_Task directions_
Your job is to print, exactly, the lines in the data below from the line with "Berlingerhaus Неръждаема термо" through the line with "Foto do quarto", both included, and to omit any picture.

_Study material_

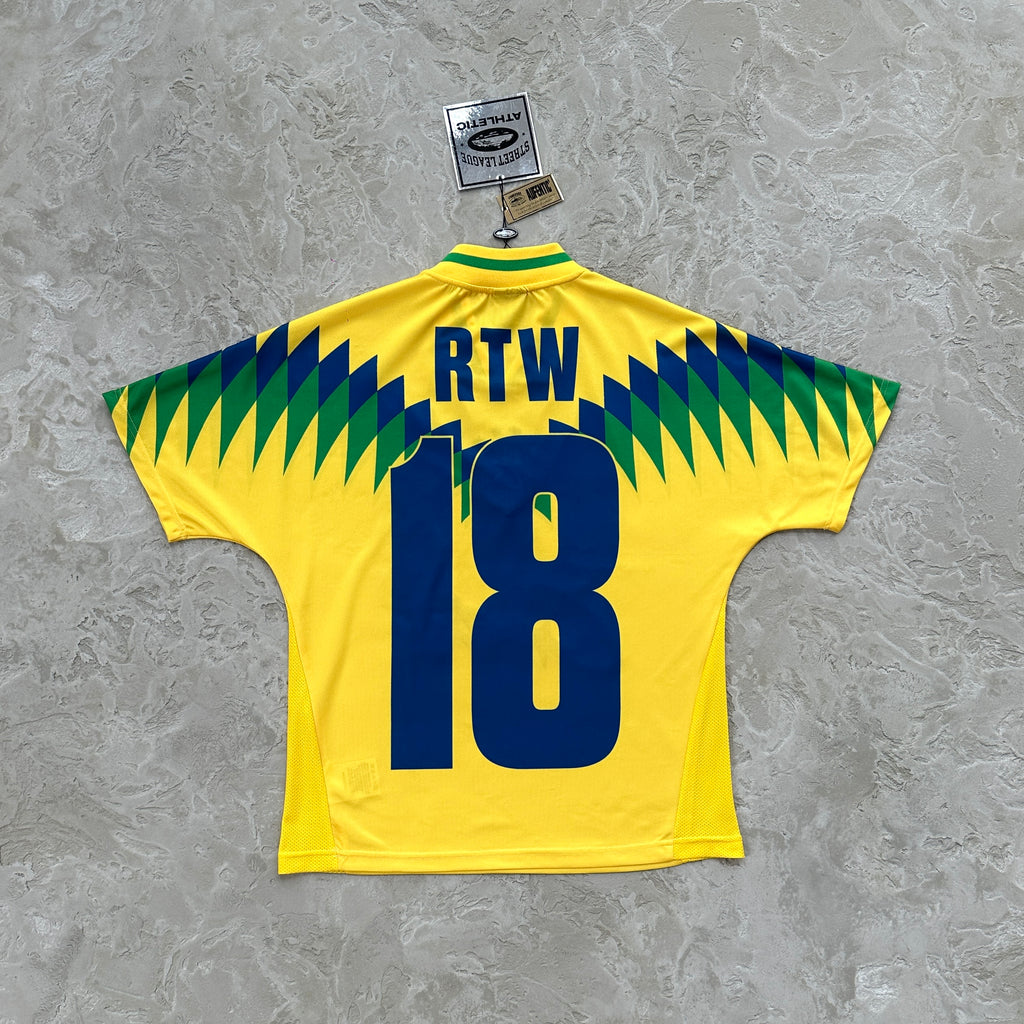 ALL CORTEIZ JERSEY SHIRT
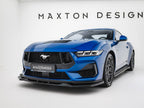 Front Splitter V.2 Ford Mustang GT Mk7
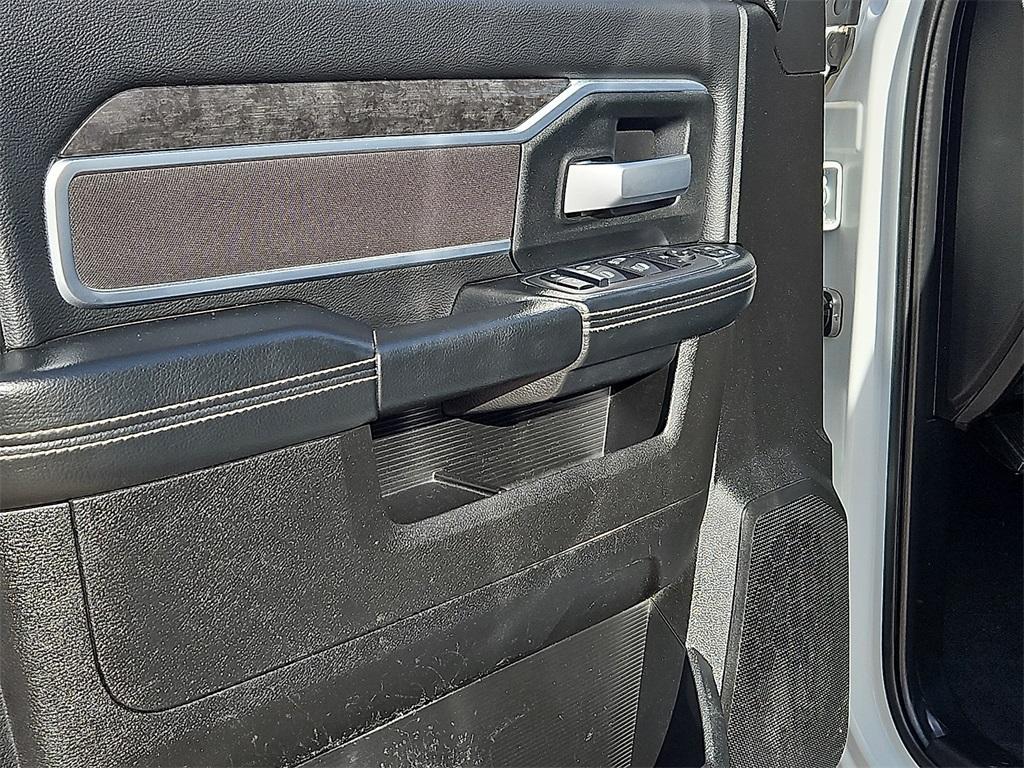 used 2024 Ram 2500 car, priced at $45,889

* * *

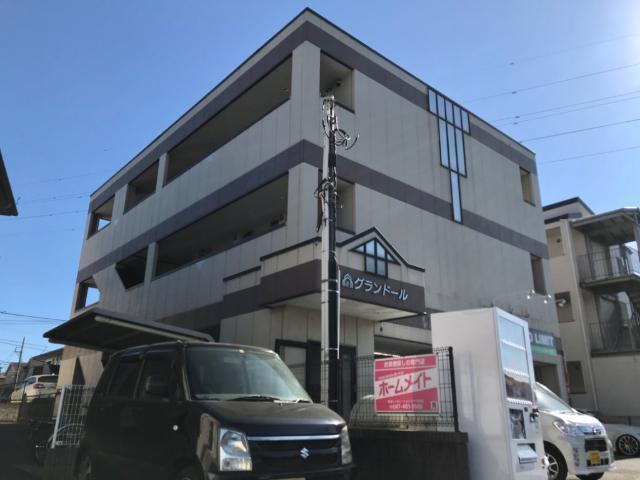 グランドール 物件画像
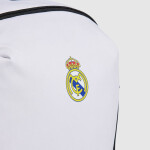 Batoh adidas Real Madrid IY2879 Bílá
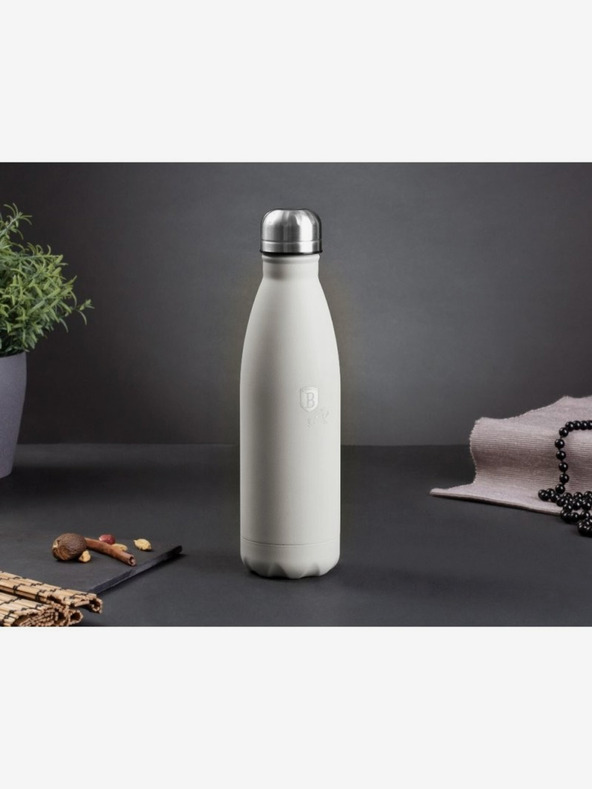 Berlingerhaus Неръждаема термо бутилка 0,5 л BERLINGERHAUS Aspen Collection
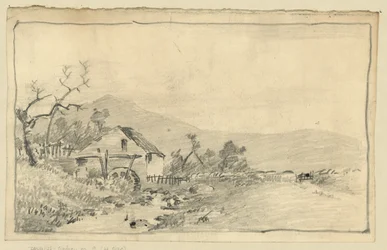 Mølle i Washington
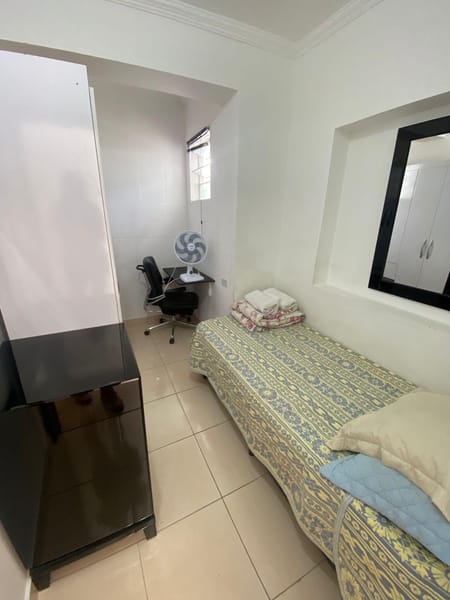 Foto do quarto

_Exercise output_
 Berlingerhaus Неръждаема термо бутилка 0,5 л BERLINGERHAUS Aspen Collection
 Mølle i Washington
 Foto do quarto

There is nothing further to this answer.